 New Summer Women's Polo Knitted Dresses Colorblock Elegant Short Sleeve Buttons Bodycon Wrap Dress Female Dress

####

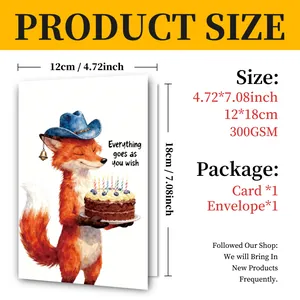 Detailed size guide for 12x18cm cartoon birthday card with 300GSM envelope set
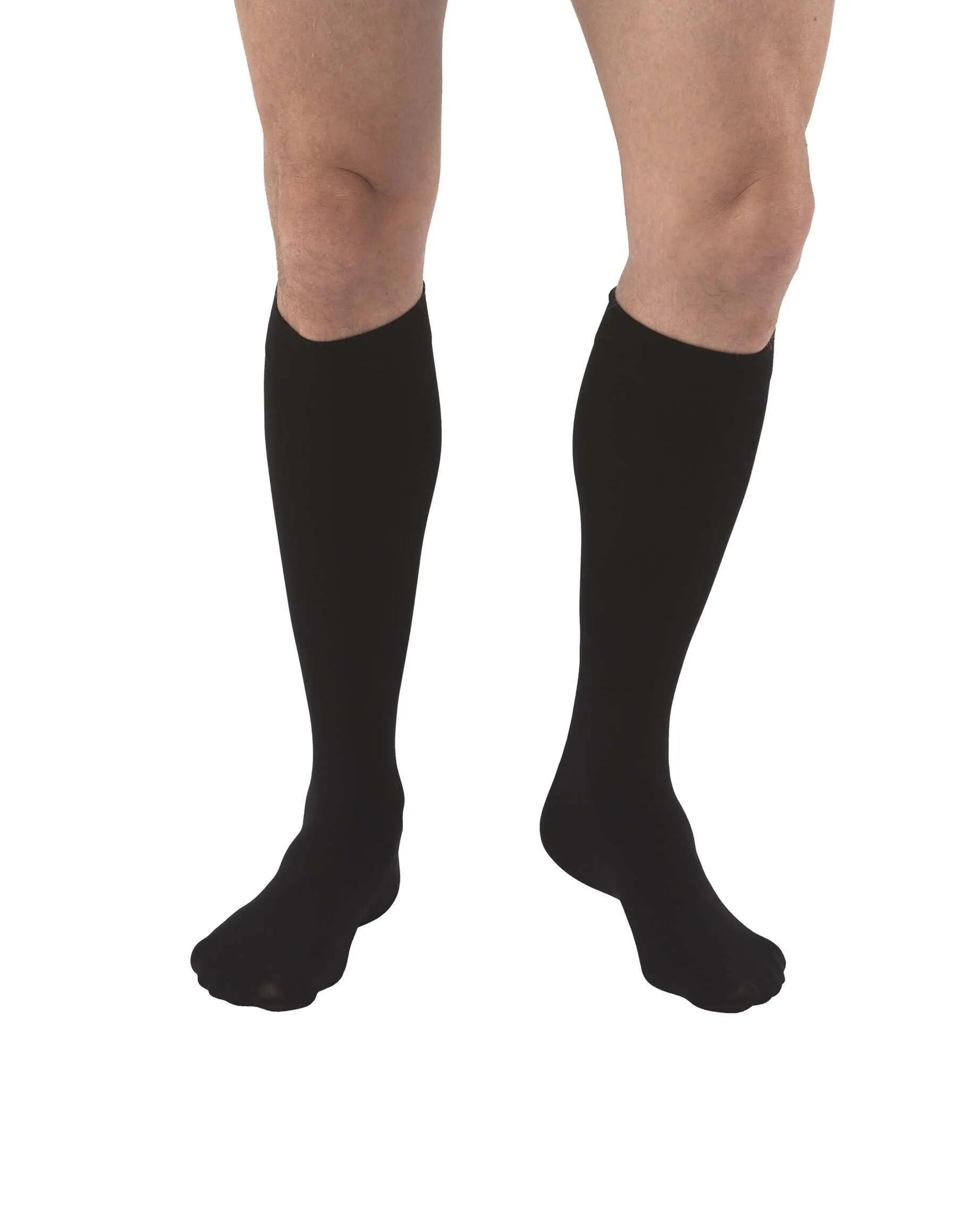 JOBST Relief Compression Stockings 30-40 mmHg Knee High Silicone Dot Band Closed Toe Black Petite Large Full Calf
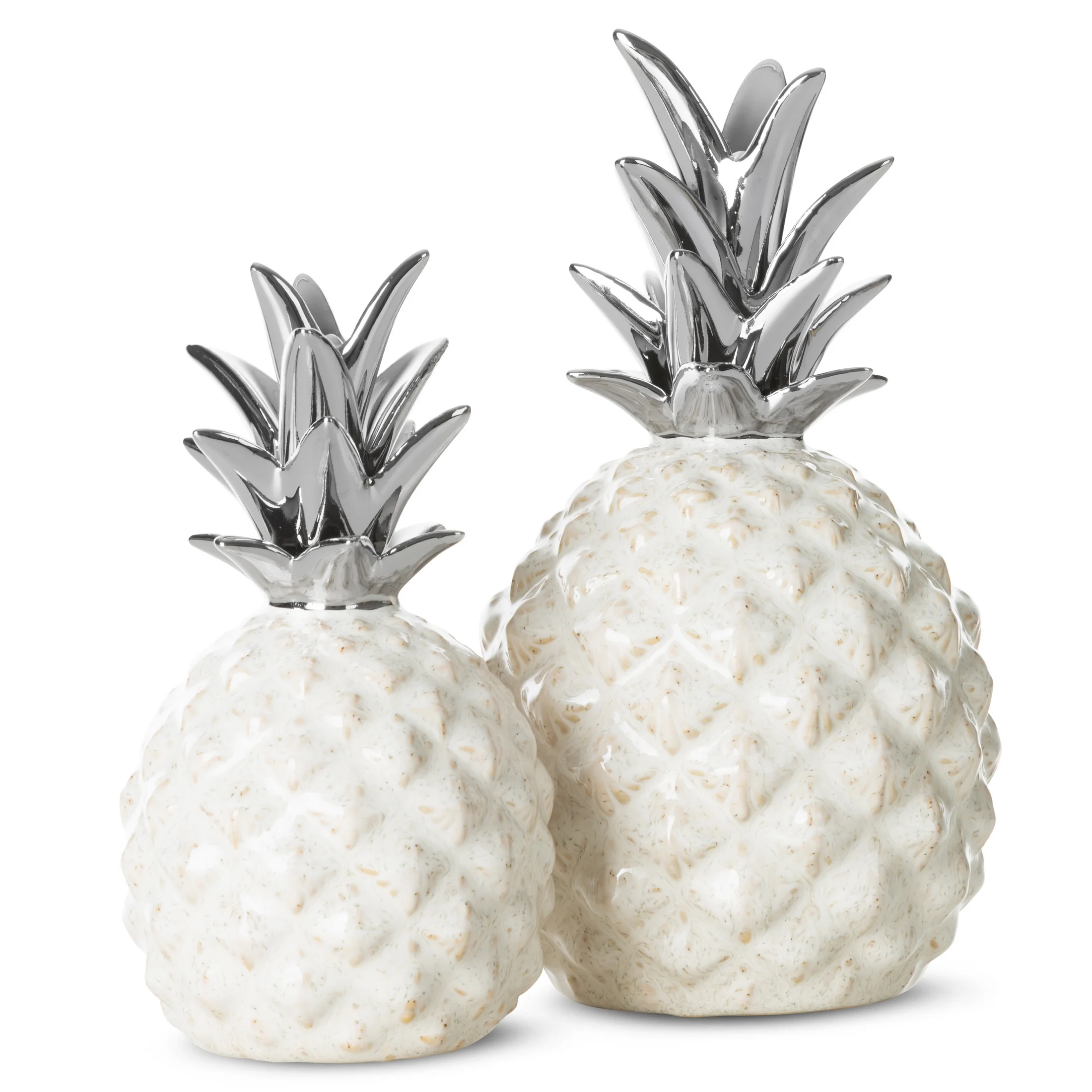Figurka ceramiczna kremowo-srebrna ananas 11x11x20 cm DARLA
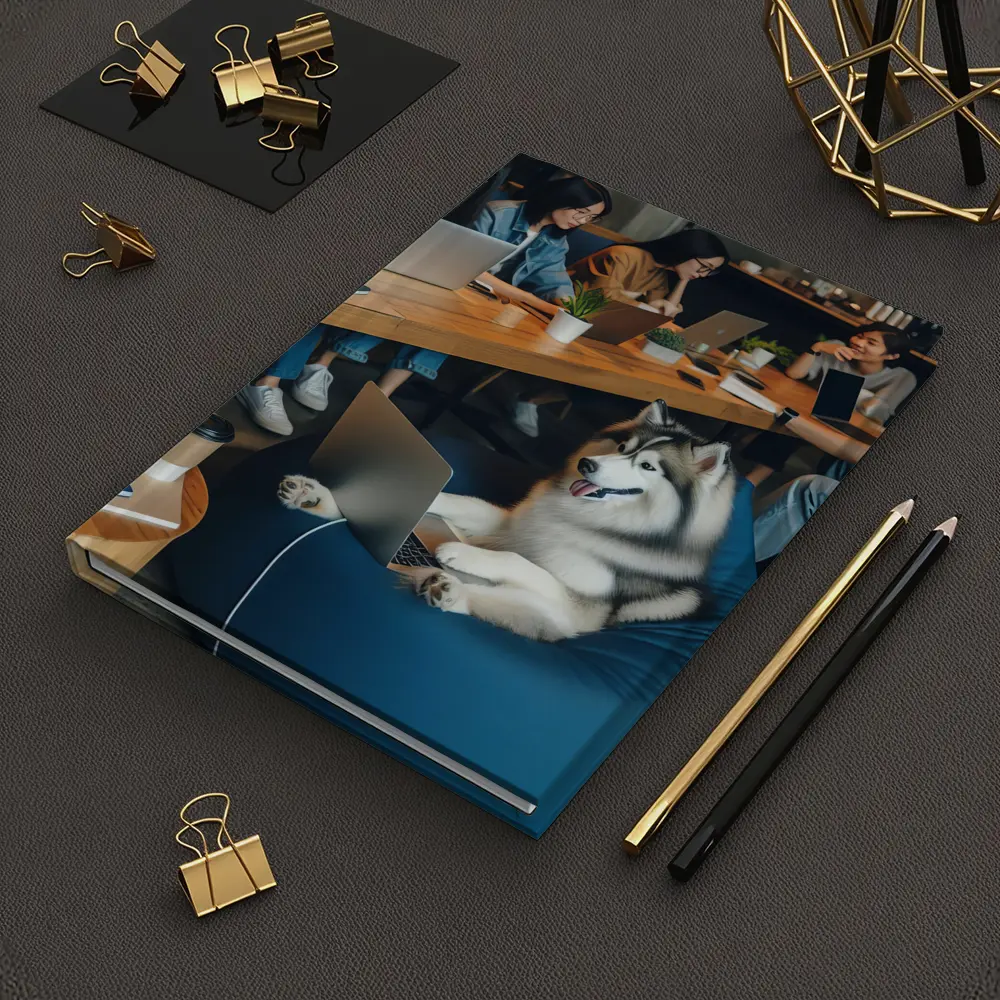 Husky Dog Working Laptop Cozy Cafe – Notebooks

####

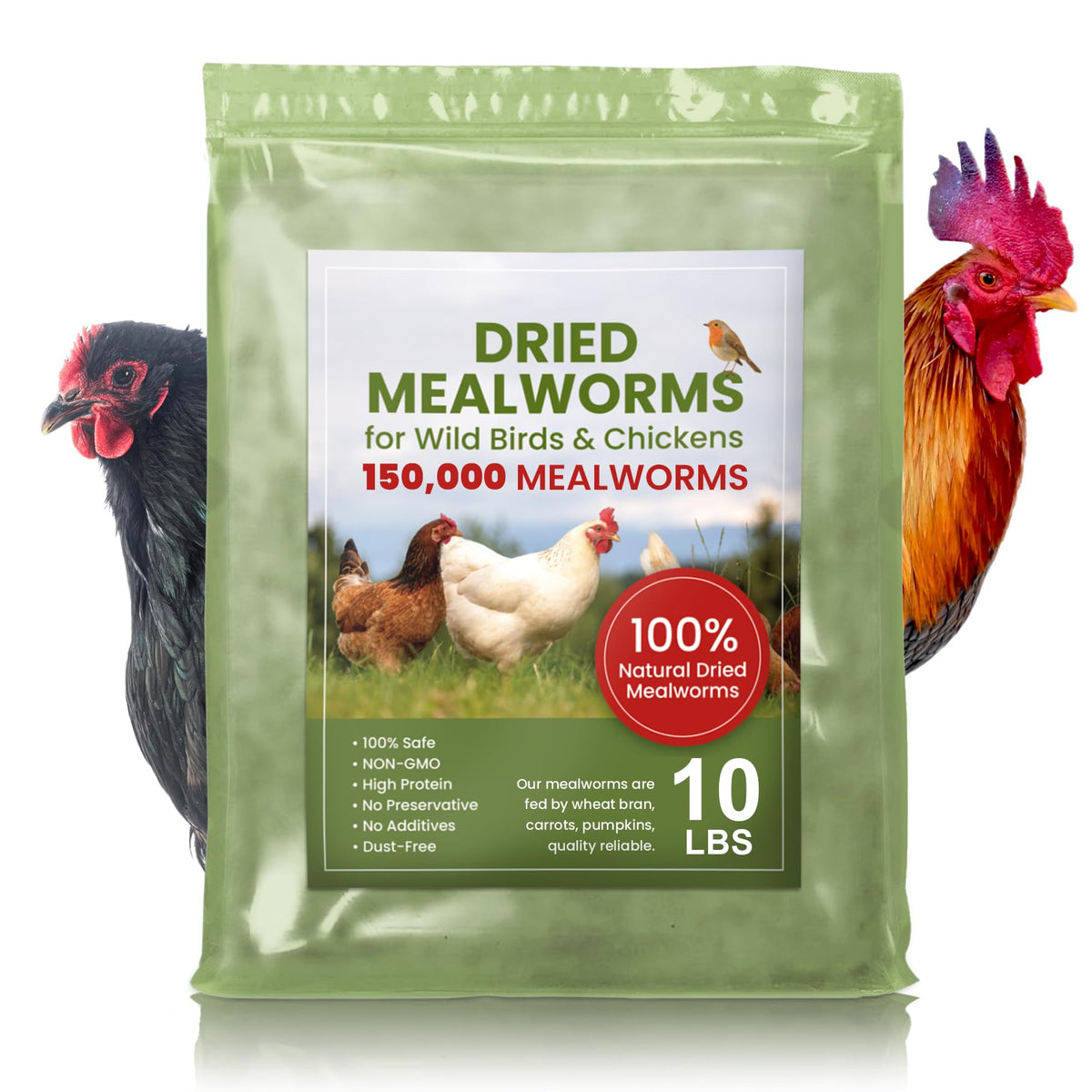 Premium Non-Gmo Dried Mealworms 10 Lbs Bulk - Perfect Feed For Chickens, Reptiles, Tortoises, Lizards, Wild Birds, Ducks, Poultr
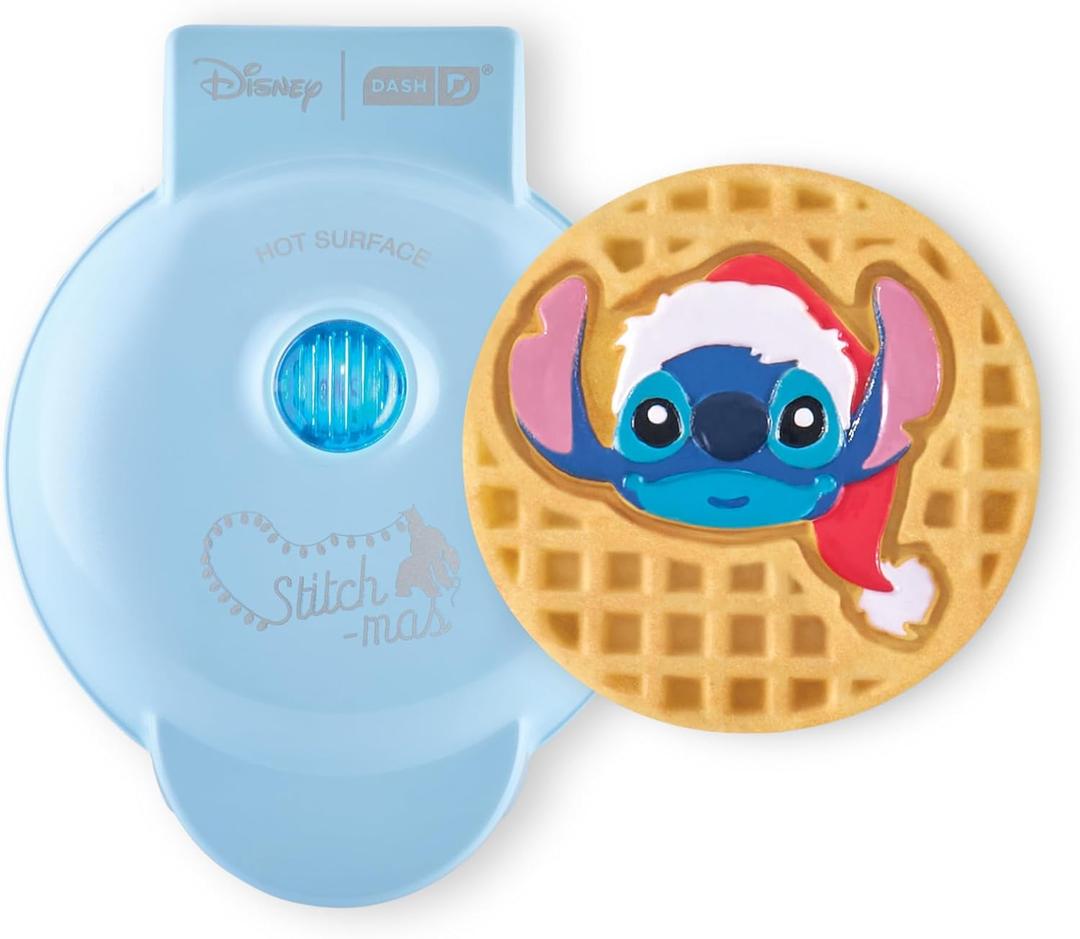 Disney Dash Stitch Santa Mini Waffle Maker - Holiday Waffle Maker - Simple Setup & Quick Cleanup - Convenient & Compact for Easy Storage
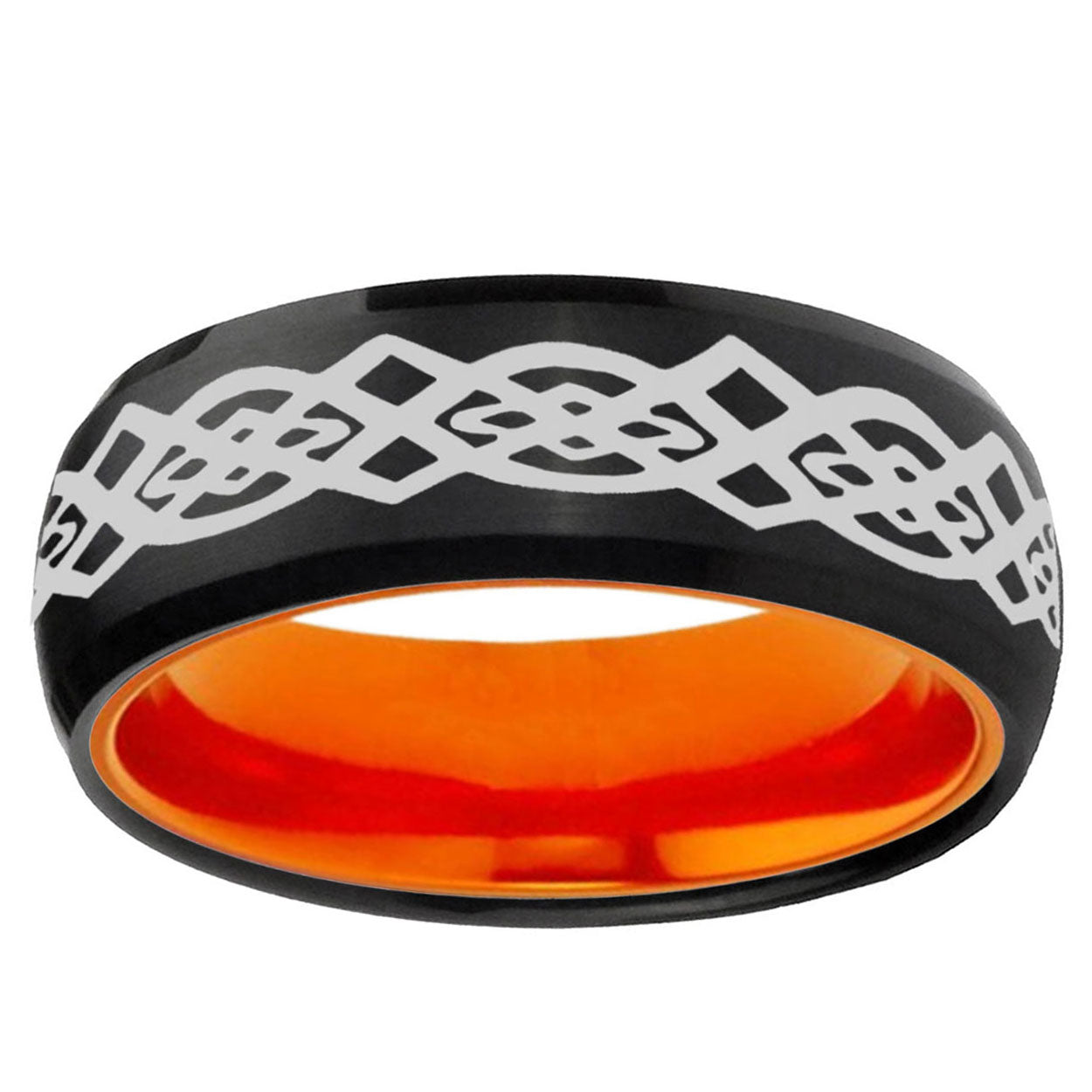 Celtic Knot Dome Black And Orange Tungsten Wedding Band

####

▶ Exercise instructions: Give back exactly the lines of the listing above from the one that contains "JOBST Relief Compression" up to and including the one that contains "Husky Dog Working", but not the pictures, and no other lines.

▶ Your solution:
 JOBST Relief Compression Stockings 30-40 mmHg Knee High Silicone Dot Band Closed Toe Black Petite Large Full Calf
Figurka ceramiczna kremowo-srebrna ananas 11x11x20 cm DARLA
 Husky Dog Working Laptop Cozy Cafe – Notebooks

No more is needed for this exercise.